2008 Report on International Religious Freedom - Kenya
|Publisher||United States Department of State|
|Author||Bureau of Democracy, Human Rights and Labor|
|Publication Date||19 September 2008|
|Cite as||United States Department of State, 2008 Report on International Religious Freedom - Kenya, 19 September 2008, available at: http://www.refworld.org/docid/48d5cbb350.html [accessed 12 March 2014]|
|Disclaimer||This is not a UNHCR publication. UNHCR is not responsible for, nor does it necessarily endorse, its content. Any views expressed are solely those of the author or publisher and do not necessarily reflect those of UNHCR, the United Nations or its Member States.|
Released by the Bureau of Democracy, Human Rights, and Labor
The Constitution provides for freedom of religion, and other laws and policies contributed to the generally free practice of religion.
The Government generally respected religious freedom in practice. There was no change in the status of respect for religious freedom by the Government during the period covered by this report. However, some Muslim leaders continued to charge that the Government is hostile toward Muslims.

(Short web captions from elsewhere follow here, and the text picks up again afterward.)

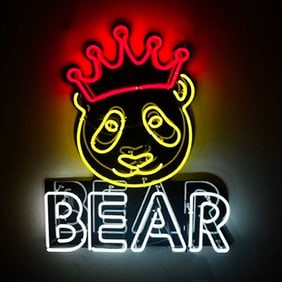 BEAR Panda King Neon Sign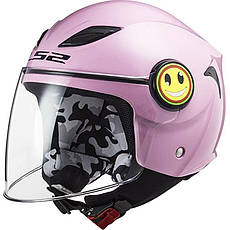 МОТОШОЛОМ ДИТЯЧИЙ ВІДКРИТИЙ LS2 OF602 FUNNY SOLID КОЛІР GLOSS PINK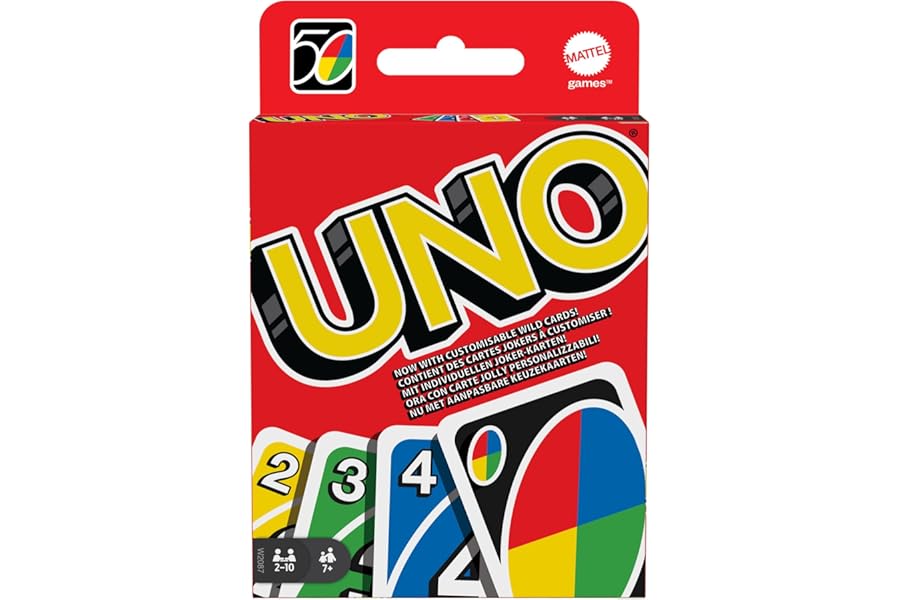 Mattel Games UNO, Classic Card Game for Kids and Adults for Family Game Night, Use as a Travel Game or Engaging Gift for Kids, 2 to 10 Players, Ages 7 and Up, W2087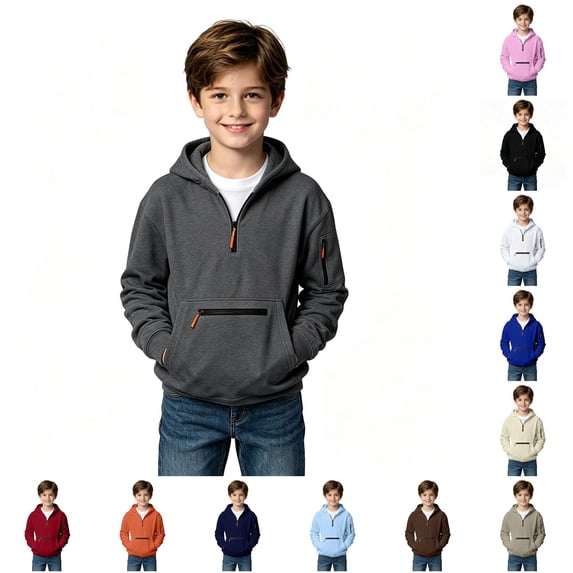 JAJAHO Cargo Hoodies For Kids Boys Quarter Zip Long Sleeve Hooded Sweatshirts With Zipper Pockets 5-16Y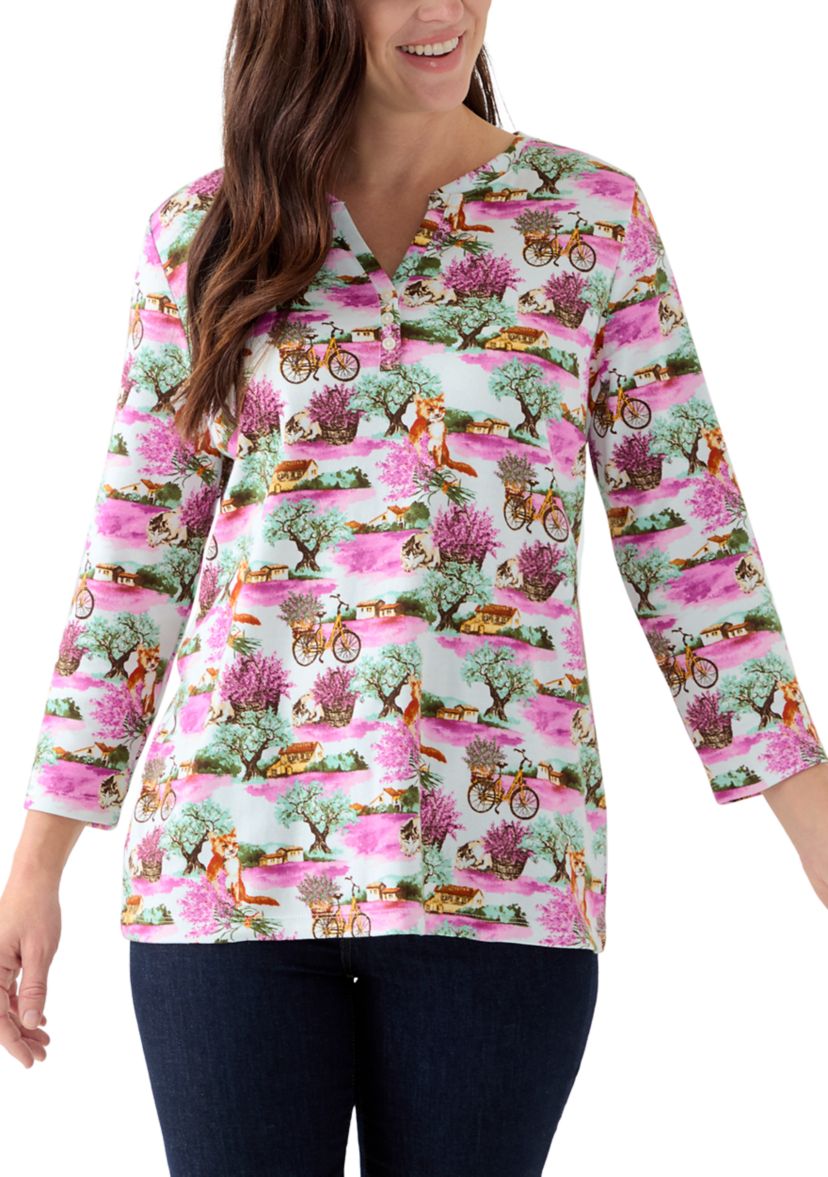 Womens 3/4 Sleeve Printed Henley Shirt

While there were very few reports of societal abuse or discrimination based on religious belief or practice, some Muslims perceived themselves to be treated as second-class citizens in the predominantly Christian country.
The U.S. Government discusses religious freedom with the Government as part of its overall policy to promote human rights.
Section I. Religious Demography
The country has an area of 225,000 square miles and a population of 35.5 million. Approximately 80 percent of the country is Christian, 10 percent is Muslim, less than 1 percent is Hindu, Sikh, and Baha'i, while the remainder follows various traditional indigenous religions. Protestants comprise 58 percent of Christians, and Roman Catholics 42 percent.
The North Eastern Province, where the population is predominantly ethnic Somali, is home to 15 percent of the Muslim population. Sixty percent of the Muslim population lives in Coast Province, comprising 50 percent of the total population there. Western areas of Coast Province are mostly Christian. The upper part of Eastern Province is home to 10 percent of the country's Muslims, where they are the majority religious group. Apart from a small ethnic Somali population in Nairobi, the rest of the country is largely Christian.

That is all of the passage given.